Are there any tricks that you all use to get your glo-bugs nice and round? As my first steelhead yesterday proved, a less than perfectly tied glo-bug will catch fish :-D.

However, I'd like to be able to tie glo-bugs with a nicer, more rounded shape, without the jagged edges that mine currently have. Let me know; I look forward to everyone's responses
 
GF,
To get a round glo bug or egg fly, try packing the material a bit tighter - I usually press the stuff together tighter on the shank of the hook with my fingernails after it's cinched down with the thread. Then, before trimming it to shape, take a dubbing needle or hook point to pull out the material a bit so it "fluffs" into a circular clump around the hook. A pair of curved scissors will help with shaping the egg but if you take your time with straight scissors you should get a decent round form. Although they're a bit pricy in my view, you can purchase pre-made eggs that are perfectly round and have sparkle incorporated into the egg at most fly shops. They work okay but need some epoxy and thread wraps to get 'em to fix solidly to the hook shank. As you noticed, however, the fish won't mind a sloppy shape. Glad to hear you had some luck with the steelhead Sunday - we might have another steel addict in the making. :)
 
I like to tie my glo-bugs in two steps. I like to use McFly foam. I tie in about half of the foam I am going to use for the fly and position it so it is on the underside of the hook. I then attach the other half of the foam on the top of the hook, just like tying normal glo-bug, as well as adding in a small amount of foam in another color if you'd like a blood dot. You then trim the foam on either side of the hook in a curved fashion, ultimately creating a perfect ball shape. I believe this produces the best looking glo-bug.
 
I also like McFly Foam, it holds form better than Glo Bug Yarn IMHO. Good sharp scissors are a must.

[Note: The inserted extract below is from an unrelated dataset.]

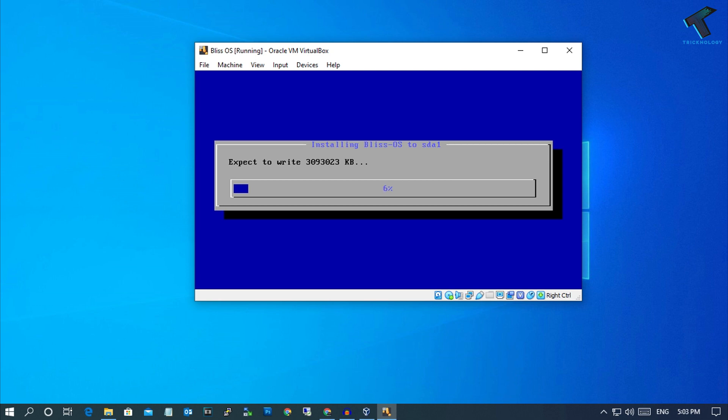Press Enter and select Yes once more. The installation process will now begin and will take some time.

Check out Charlie Meck's version.
 
A few tips for how I tie mine.

First off put a good thread base down on the hook. If not, after a few steelhead they will be ripped off the hook. This gives them durability. I also put a layer of cement over the thread to hold it even more. I use just about anything, but mcfly foam does seem to have the best outcome. I actually don't like mine that tight. The looser ones seem to look more natural to me in the water. After I'm done I take all the yarn, gather it at the top and put about 4 turns of thread under it, kind of like you're tying a parachute. This makes it look more like a mushroom because it's more towards the top, but I don't have problems catching fish. This also helps with durability. I would rather have my flies look just slightly off, then be retying one on every 2 fish. It saves time in the long run and the fish don't seem to mind. I also tie my eggs a bit larger. As a few guys saw at the JAM mine are on sz 10 scud hooks and are about the diameter of a dime or penny. They don't represent the size of a real egg, but also, the fish don't seem to mind.

Hope this helped.

Ryan
 
Mcfly foam, sharp scissors, and practice.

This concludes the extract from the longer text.